Beata Mazurek do Parlamentu weszła z okręgu nr 7 obejmującego m.in. Białą Podlaską, Chełm i Zamość. W sejmie zastąpić ją może radna wojewódzka i zastępca wojewódzkiego konserwatora zabytków Maria Gmyz.
– Nie uchylam się przed podjęciem poselskiego mandatu, ale decyzję chcę podjąć odpowiedzialnie. Oba stanowiska są zaszczytne i potrzebne dla regionu – mówi Maria Gmyz. Jeśli mandat odrzuci, to następny w kolejce do Sejmu jest Lucjan Cichosz.
Elżbieta Kruk mandat parlamentarny objęła w okręgu lubelskim. Jej mandat może przejąć Grzegorz Muszyński, wiceprezes zarządu spółki PFR Nieruchomości SA – dawne BGK Nieruchomości.

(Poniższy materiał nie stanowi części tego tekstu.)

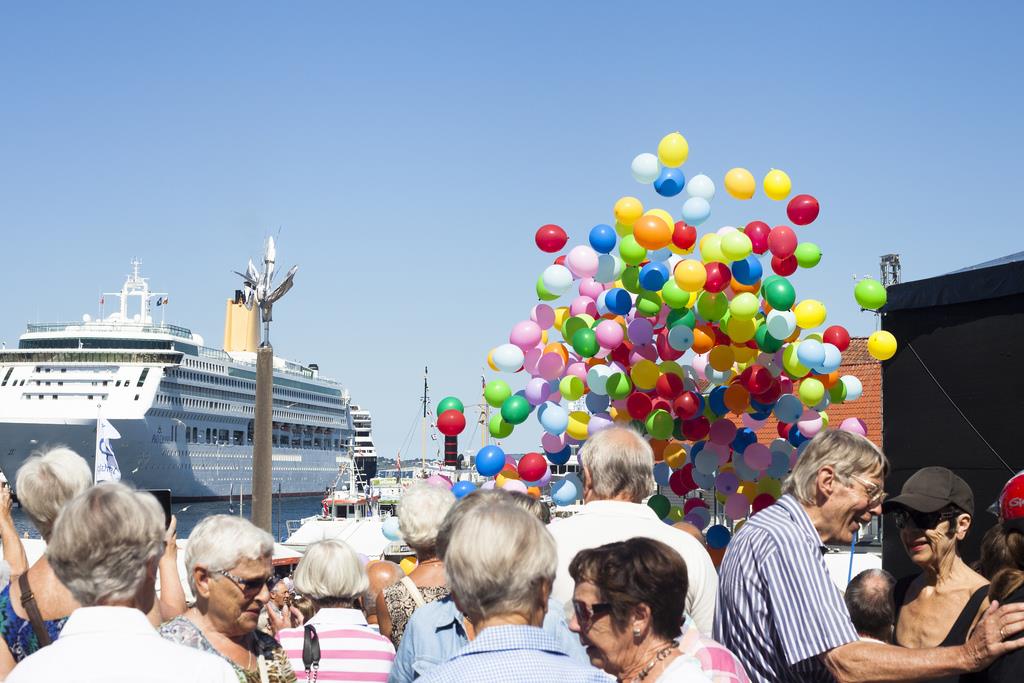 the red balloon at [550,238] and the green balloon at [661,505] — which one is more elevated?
the red balloon at [550,238]

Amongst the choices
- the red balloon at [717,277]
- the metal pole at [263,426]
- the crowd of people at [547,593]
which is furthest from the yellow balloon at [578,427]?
the metal pole at [263,426]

– Na listę wyborczą i do spółki w której pełni się odpowiedzialną rolę nie trafia się przypadkowo. Postawię kropkę nad „i”, ale uszanuję decyzję kolegialną partii- mówi Muszyński. Kolejny w kolejce do objęcia mandatu jest radny sejmiku i szef Krajowego Ośrodka Wsparcia Rolnictwa Marek Wojciechowski. – W sejmiku jest mi dobrze, bo jestem z krwi i kości samorządowcem, ale jak będzie taka konieczność to będę pracował dla Polski w Warszawie – mówi Wojciechowski.